§ **Work item**
Write every record out again exactly, and keep images out of it.

(Short text fragments from websites)
★ ★ ★ ★ ★ ★ ★
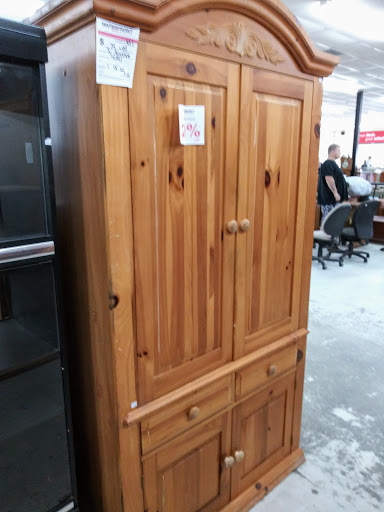 Thrift Store «Waterfront Rescue Mission Thrift Store», reviews and photos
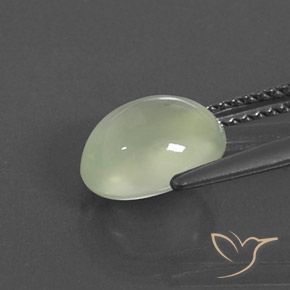 2.60캐럿 천연 Medium Green  프레나이트, 타원형, 투명/반투명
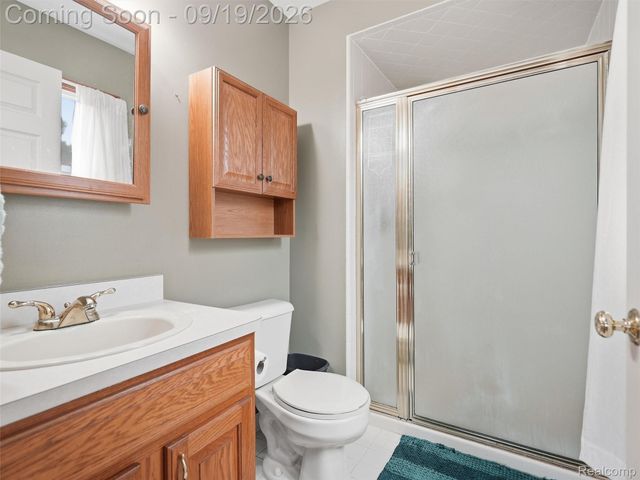 42475 Dharte Court, Clinton Charter Township, MI 48038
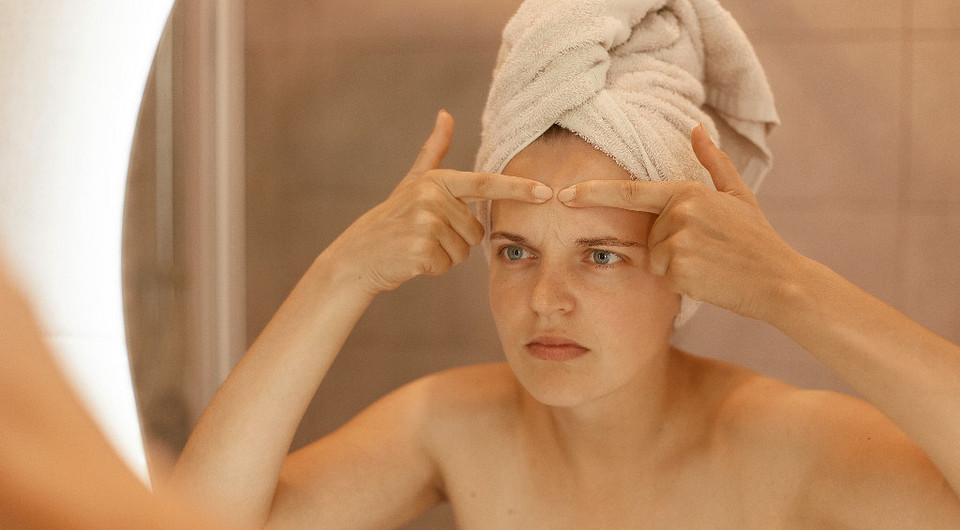 Что значит прыщ на лбу с точки зрения примет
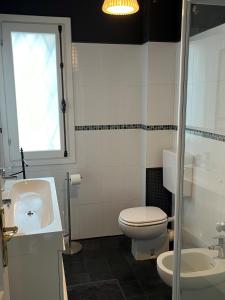 Ένα μπάνιο στο Fabulous Italian villa with panoramic sea view +32 φωτογραφίες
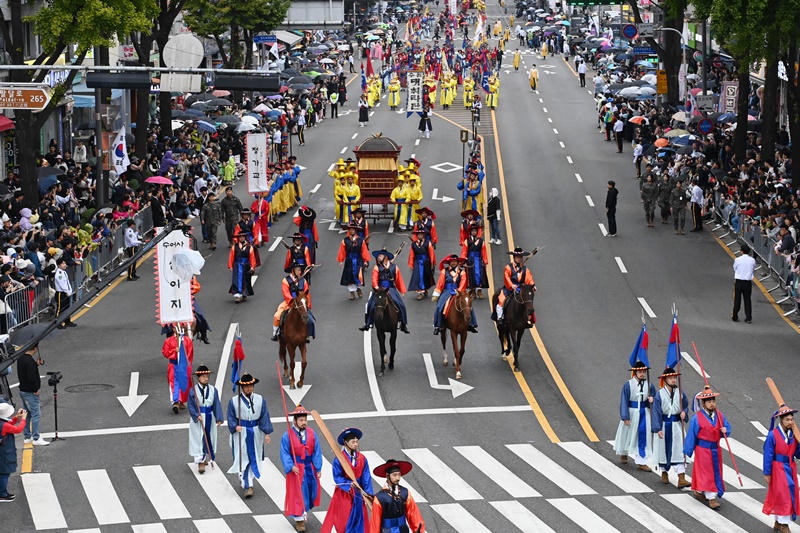 Die königliche Prozession von König Jeongjo als repräsentatives Programm des Suwon Hwaseong Festivals ⓒ Suwon Hwaseong Festival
★ ★ ★ ★ ★ ★ ★
§ **Answer to this task**
 Thrift Store «Waterfront Rescue Mission Thrift Store», reviews and photos
 2.60캐럿 천연 Medium Green  프레나이트, 타원형, 투명/반투명
 42475 Dharte Court, Clinton Charter Township, MI 48038
 Что значит прыщ на лбу с точки зрения примет
 Ένα μπάνιο στο Fabulous Italian villa with panoramic sea view +32 φωτογραφίες
 Die königliche Prozession von König Jeongjo als repräsentatives Programm des Suwon Hwaseong Festivals ⓒ Suwon Hwaseong Festival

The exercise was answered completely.